Ancienne enfant prodige, plus jeune championne des États-Unis à 13 ans, l’Américaine, épuisée par le haut niveau, avait pris sa retraite en 2022 à 16 ans seulement, peu après une sixième place aux Jeux de Pékin.
«Heureuse d’être ici»
Mais le patinage et la compétition ont fini par lui manquer et la jeune femme a rechaussé les patins en début de saison dernière. Dès l’année de son retour, elle a remporté les championnats du monde à la surprise générale, détrônant la triple championne du monde en titre, Kaori Sakamoto.
Aujourd’hui, Alysa Liu est dans un état d’esprit «complètement différent» par rapport à ses derniers Jeux. «Je sais qui je suis en tant que personne maintenant. J’ai des idées et des concepts que je veux partager avec le monde, donc je suis heureuse d’être ici. Contrairement à la dernière fois, où j’avais plutôt envie d’en finir au plus vite. Maintenant, j’ai envie d’être ici et je ne veux pas que ça se termine. Je serai triste quand les Jeux olympiques seront terminés.»
Fille d’un immigrant chinois réfugié aux États-Unis après avoir participé aux manifestations de la place Tiananmen en 1989, Liu est en lice pour remporter son deuxième titre de la semaine, après l’or par équipes en début de compétition.
«Mes frères et sœurs, mes meilleurs amis et une grande partie de ma famille sont là (dans le public)», s’est-elle réjouie.
Quant à la nervosité, elle la balaye d’un revers de main. «Je ne suis pas stressée, car je veux vraiment être ici, a-t-elle affirmé. Je m’accommode très bien d’un programme raté. Je m’accommode très bien d’un programme réussi.
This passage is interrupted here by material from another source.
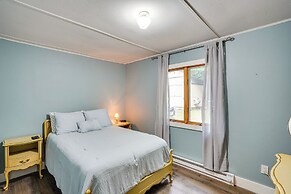 Monterey Haven < 1/2 Mi to Lake Garfield w/ Kayaks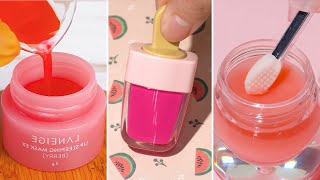 💄Makeup Repair ASMR💄 Upcycle Beauty Products Useful makeup repair tips 10Beauty Cosmetic [upl. by Slifka]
Quel que soit le résultat, cela reste mon histoire.»
«L’impression de rêver»
Les Américaines n’ont plus remporté l’or olympique depuis Sarah Hughes aux Jeux de Salt Lake City en 2002, et n’ont plus décroché de médaille depuis Sasha Cohen à Turin en 2006. Mais face à elle, l’équipe japonaise compte de nombreux atouts.
Leader inattendu, Ami Nakai peut viser le podium voire le titre, à seulement 17 ans. «J’ai l’impression de rêver», a-t-elle déclaré après avoir fait sensation avec un triple axel. En deuxième position provisoire, la charismatique Kaori Sakamoto, qui participe à ses derniers Jeux à 25 ans, espère ajouter la médaille d’or individuelle au bronze remporté il y a quatre ans.
«Bien sûr, une médaille serait super, a-t-elle reconnu. Mais avant tout, je veux laisser un héritage et j’aimerais que le monde sache ce que j’ai accompli au cours de ma carrière. J’aimerais qu’on se souvienne qu’il y avait au Japon une patineuse de ce calibre qui a performé pendant longtemps.»
Mais derrière ce duel Japon/États-Unis, la Russe Adeliia Petrosian, seule patineuse de son pays autorisée à participer aux JO sous bannière neutre, reste en embuscade. Cinquième provisoire, elle pourrait placer un quadruple saut dans son programme libre et s’inviter dans la lutte.